By Emily Austin // Contributing Writer

Nashville’s Full Moon Tattoo and Horror Festival isn’t just the place of nightmares; this three-day convention became the perfect opportunity for fans of all things spooky to celebrate what they love most about the genre, right next to their favorite tattoo artists and celebrities.

“It’s just the atmosphere of the people, and it’s kind of homey, you know?” said Sid Haig, who played Captain Spaulding in House of 1000 Corpses and the Devil’s Rejects. “And then the idea of combining a horror festival with tattoos is a perfect match.”

The festival ran from Friday through Sunday at the Nashville Airport Marriott, where people swarmed the booths of their favorite actors and actresses such as Haig, Michael Berryman, Dick Warlock, Naomi Grossman, Alex Vincent and more.

“Every fan I’ve ever run into have been great people and that makes it so much more fun and enjoyable for me to do,” said Dick Warlock who played Michael Myers in Halloween II. “I may not do too many more of them, ’cause I’m getting up in age. But anyway, it’s the fans that bring me to them.”

Creepy dolls, chilling artwork, monster masks and replica swords are only a few of the dozens of items you could buy from the variety of booths. Zombies and bloody clowns may saunter past, adding to the atmosphere that this festival is all about.

Celebrities at the festival say what they love most about the horror genre isn’t only scaring people, it’s about having fun, which is what make the festival enjoyable for all.

“Now with horror see, I like to get people laughing, because if you get people laughing then you can do anything,” said Haig. “You can take them from laughter to fear, from laughter to crying, from laughter to wherever. But if you start with laughter it loosens em’ up and then bam! You hit em’ with something crazy.”

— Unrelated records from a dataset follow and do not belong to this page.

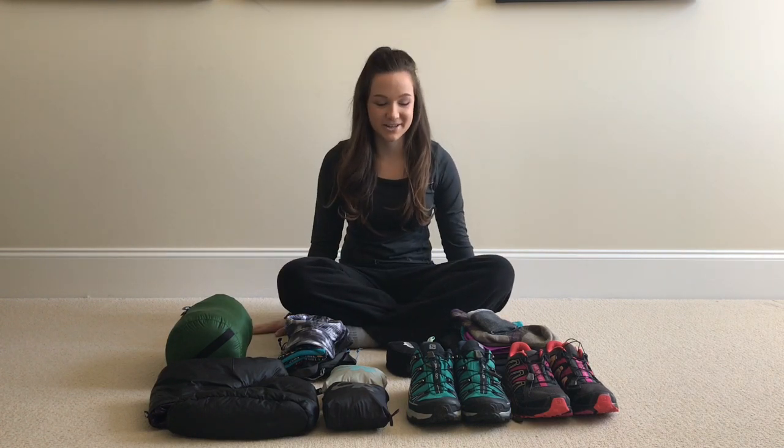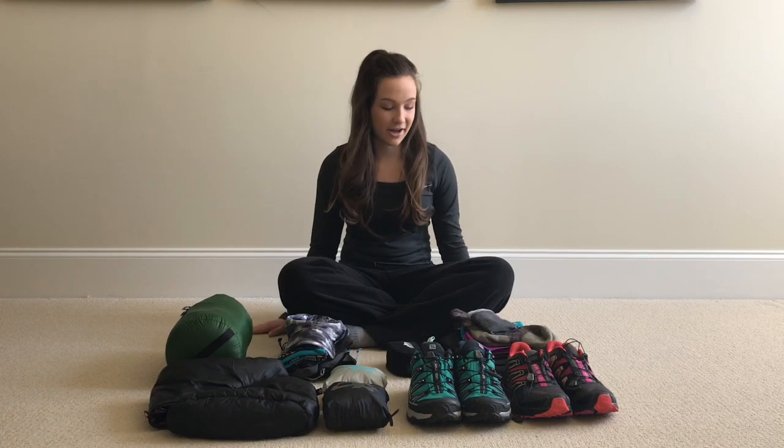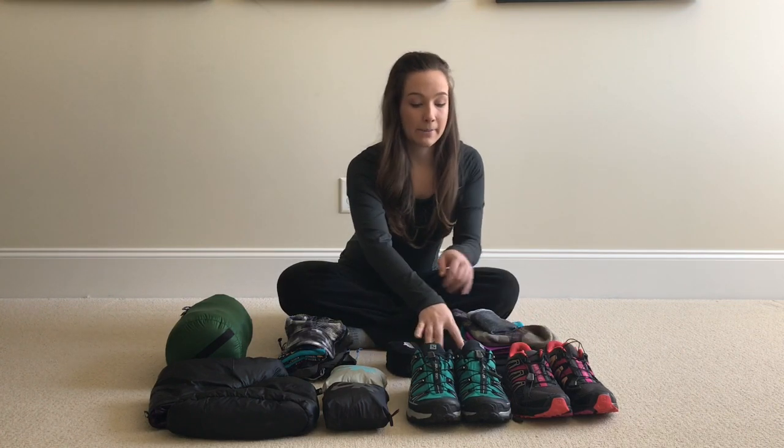Hey guys, welcome back to Trailosophy. Today I'm going to be going through my clothing for my winter start on the AT.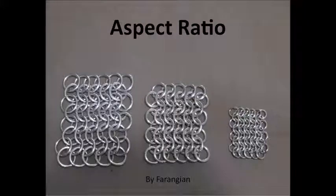Hi, I'm Pharengian, and this is another Pharengian Metalworking video. Today we're talking about aspect ratios for chainmail. What are they? What are they good for? And how do you find one?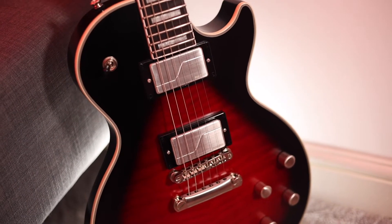This is the Epiphone Les Paul Prophecy. Outside the recent signature models, this is probably the most hyped Epiphone line in recent years. But is that hype justified? Well, you and me are going to find out. Let's get into it.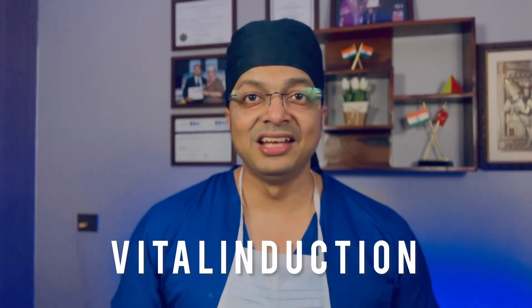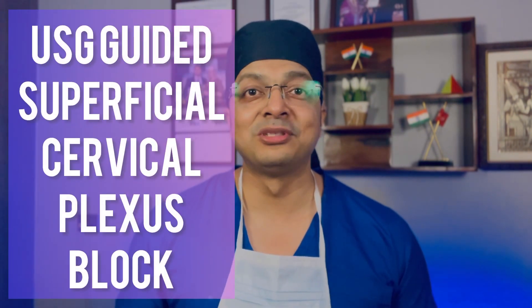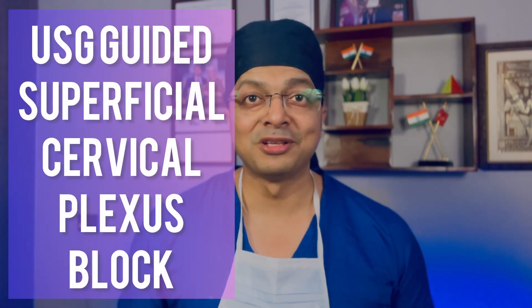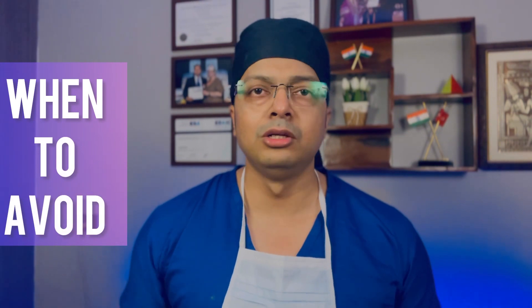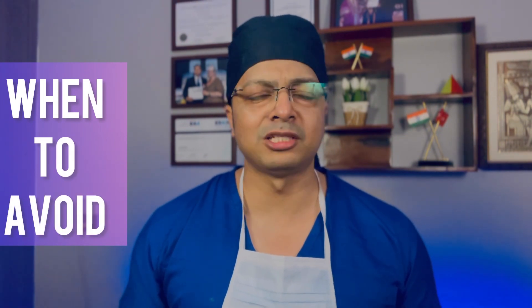Hello friends, welcome back to my channel Vital Induction. In this video, I am going to show you how to use ultrasound to successfully perform superficial cervical plexus block. Secondly, I am going to tell you which are the conditions in which this block is extremely useful. Thirdly, I am going to narrate in which conditions you should preferably avoid this block. So friends, let's get started.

Naomi Grossman, who played Pepper in American Horror Story: Asylum and Freak Show, agreed, saying, “I was kind of the comic relief, and of course in Freak Show, I got to really kind of stretch my dramatic acting muscles. It was fun. I kind of got the complete experience.”

When eager fans weren’t visiting horror icons, they could also flip through the artwork of different tattoo artists or get tattooed themselves. Booth after booth, a range of different artists showed off their skill.

It’s thanks to Lone Wolf Body Art that all of this came to be. The owner, Ben Dixon, hosted the second tattoo convention ever in Nashville in 1999 as the Old School Tattoo Expo. After that, he began the Full Moon Show that was originally for tattoos only. However, after spending some time in the film industry where he and his wife, Stacey, met Gunnar Hansen from the original Texas Chainsaw Massacre, they decided to combine the tattoo convention with the horror genre. A unique concept, it became the first of its kind and has just celebrated its 15th show.

Slaughterhouse, a revived theater converted into a tattoo parlor, haunted house and smaller theater by Full Moon, also celebrated their new location on 3445 Lebanon Pike in Hermitage, Tennessee, at the festival with a chance to win passes for a special one-night opening on Saturday. These passes included a walkthrough of the haunted house with R.A. Mihailoff who played Leatherface ‘Junior’ Sawyer in Leatherface: Texas Chainsaw Massacre III.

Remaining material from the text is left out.